Problem description |
While you copy the lines below, skip the pictures and keep the rest exact.

Data |
——————

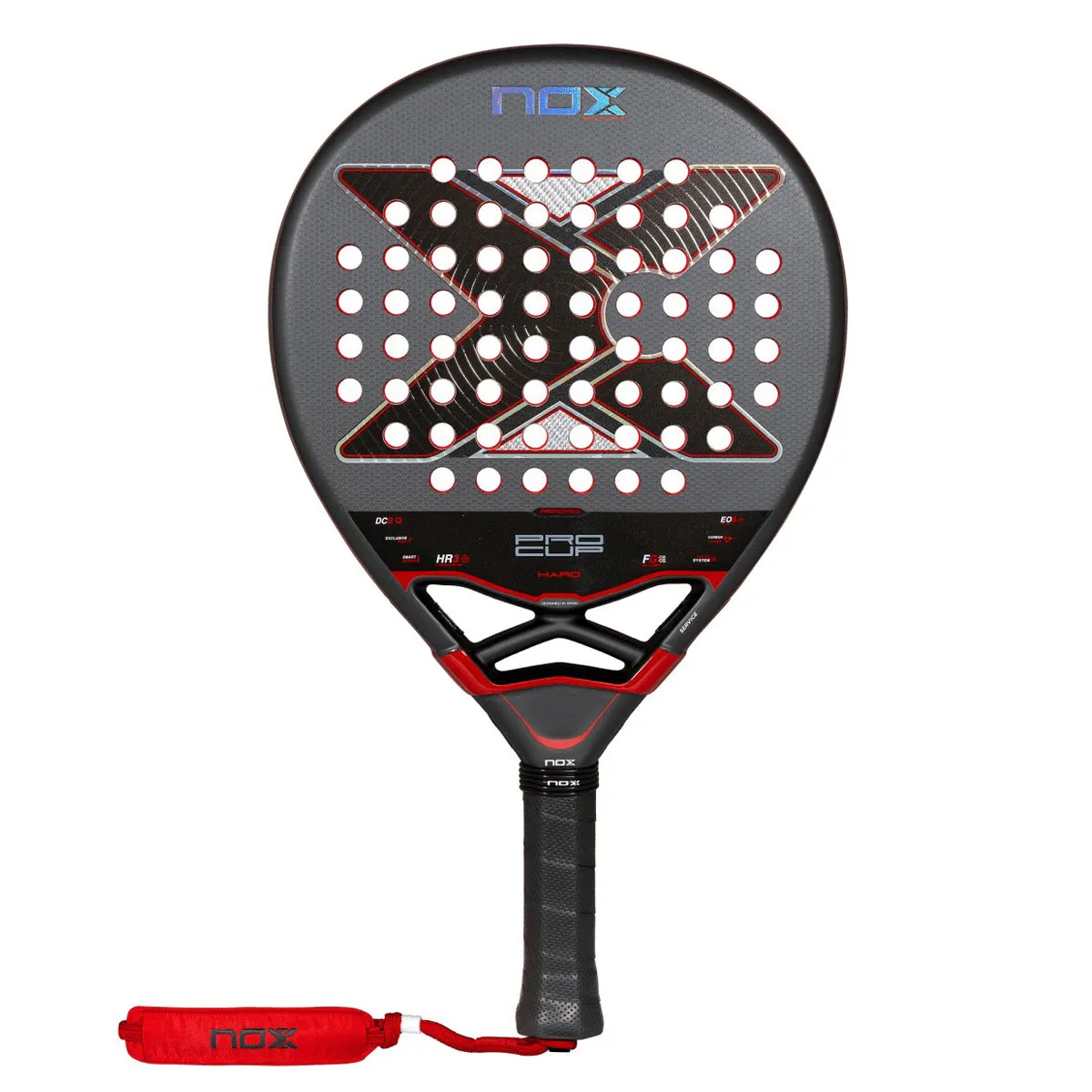 NOX Pro Cup Hard By Agustin Tapia Padel Racket (2027)
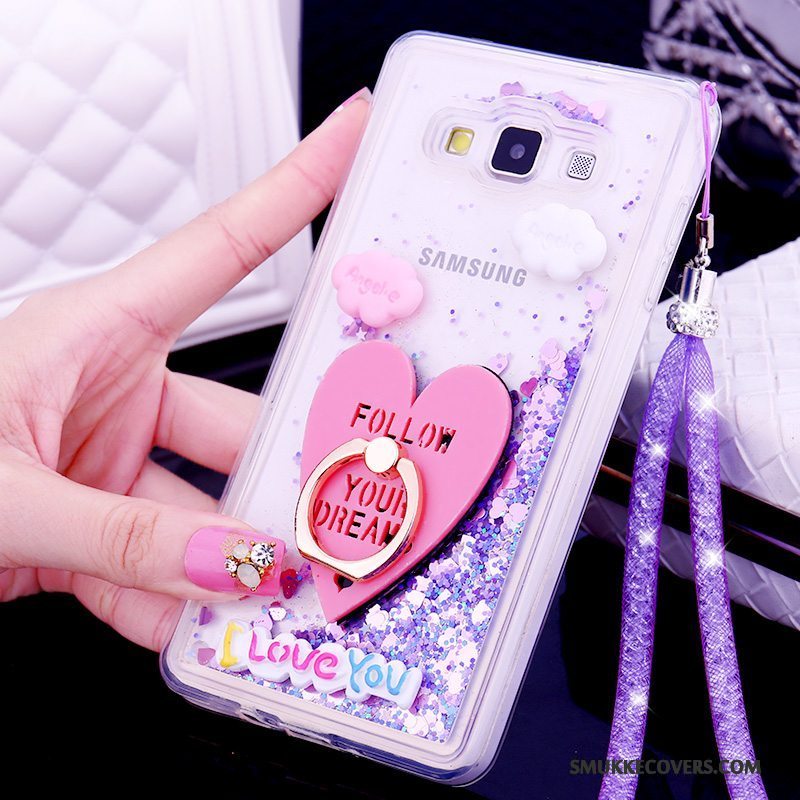 Etui Samsung Galaxy A7 2015 Silikone Telefonlyserød, Cover Samsung Galaxy A7 2015 Beskyttelse Anti-fald Trend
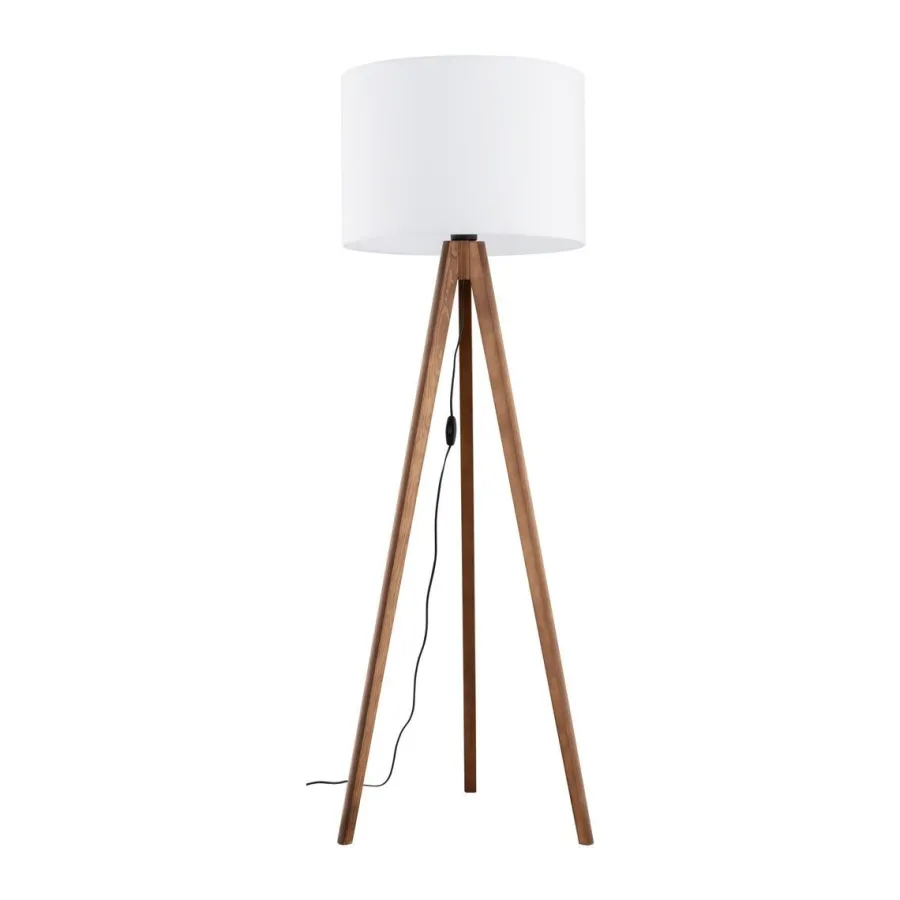Outlet TK Lighting Grand gulvlampe - Valnøtt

——————

Expected answer |
 NOX Pro Cup Hard By Agustin Tapia Padel Racket (2027)
 Etui Samsung Galaxy A7 2015 Silikone Telefonlyserød, Cover Samsung Galaxy A7 2015 Beskyttelse Anti-fald Trend
Outlet TK Lighting Grand gulvlampe - Valnøtt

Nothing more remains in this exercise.